On March 14, 2025, by the decision of Judge Sulhana Hajiyeva of the Khatai District Court of Baku, Shamshad Agha's pre-trial detention was extended by three months.

On June 24, 2025, by the decision of Judge Rafael Sadigov of the Khatai District Court of Baku, his detention was extended by one month and 30 days.

On August 28, 2025, the charges in the criminal case investigated by the Main Police Department of Baku were intensified. Shamshad Agha and other individuals arrested in this case were charged under eight articles of the Azerbaijani Criminal Code. The new charges included Articles 192.2.2 (illegal entrepreneurship generating large income), 192.2.3 (...committed by an organized group), 193–1.3.1 (legalization of property obtained through criminal means), 193–1.3.2 (...committed on a large scale), 206.4 (smuggling committed by an organized group), 213.2.1 (tax evasion committed by an organized group), 320.1 (forgery of documents), and 320.2 (use of forged documents).

On September 1, 2025, by the decision of Judge Rafael Sadigov of the Khatai District Court of Baku, Shamshad Agha's detention was extended by one month and one day.

On September 16, 2025, by the decision of Judge Aygun Hasanova of the Khatai District Court of Baku, his detention was extended by one month and 29 days.

On September 17, Shamshad Agha was hospitalized due to gastrointestinal problems and received treatment there for some time. During his stay, he wrote an article titled “The Most Valuable Here Is Money, the Cheapest — Human Life…”, in which he described cases of bribery, abuse of power, and indifference occurring within the medical facility.

== International attention ==
On February 6, the organization Reporters Without Borders (RSF) condemned the arrest of Shamshad Agha. “Shamshad Agha and Shahnaz Beylargizi have been arrested. Reporters Without Borders calls for the immediate release of these two journalists, as well as 21 other journalists currently imprisoned in the country,” the organization said in a statement. The Committee to Protect Journalists (CPJ) also condemned the arrests. “The arrest of Shamshad Agha is an attempt by the Azerbaijani authorities to silence and further restrict the activities of the country’s small and struggling independent media community. The government must immediately stop its unprecedented crackdown on the media and release Shamshad Agha and all other unjustly imprisoned journalists,” said Gulnoza Said, CPJ's Europe and Central Asia program coordinator.

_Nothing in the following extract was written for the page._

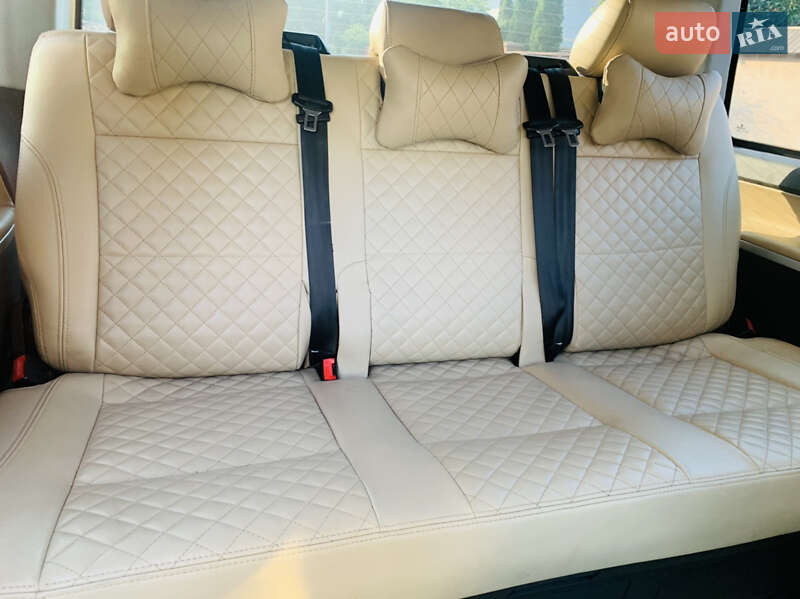 Мінівен Volkswagen Multivan 2016 в Києві фото 15 Мінівен Volkswagen Multivan 2016 в Києві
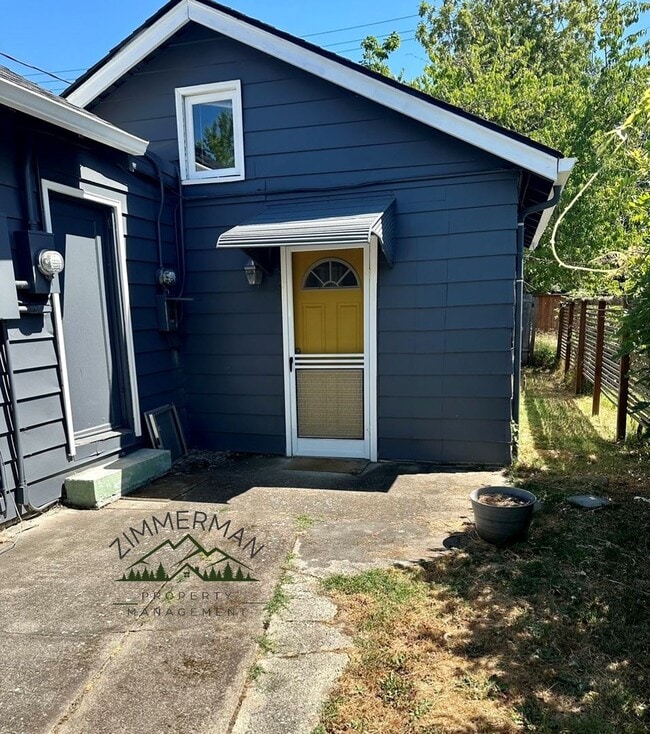 Building Photo - 2421 Kincaid St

On February 10, the Norwegian Helsinki Committee also reacted to the arrest of journalists Shamshad Agha and Shahnaz Beylargizi. “The Norwegian Helsinki Committee calls for the immediate and unconditional release of the unlawfully detained journalists and human rights defenders,” the committee said in a statement.

On February 27, the International Federation of Journalists (IFJ) and the European Federation of Journalists (EFJ) also issued a statement calling for the release of imprisoned journalists, including Shamshad Agha, and condemning the Azerbaijani government's harsh policy toward critical media outlets and journalists.

In December 2025, Amnesty International and the Committee to Protect Journalists (CPJ) demanded the release of detained staff members of the channel Meydan TV, including Shamshad Agha. Arzu Abdullayeva, chair of the National Committee of the Azerbaijan Helsinki Citizens' Assembly and a human rights defender, also called for the immediate release of those arrested.

On February 7, 2026, U.S. Congressman Jim McGovern called for the release of Azerbaijani journalists and civil society activists, including Shamshad Agha.

== Personal life ==
He is married and has a daughter and a son.

Shamshad Agha's mother died on January 28, 2026. On January 29, 2026, by a decision of the Baku Court for Grave Crimes, Shamshad Agha was released for three days to attend his mother's funeral.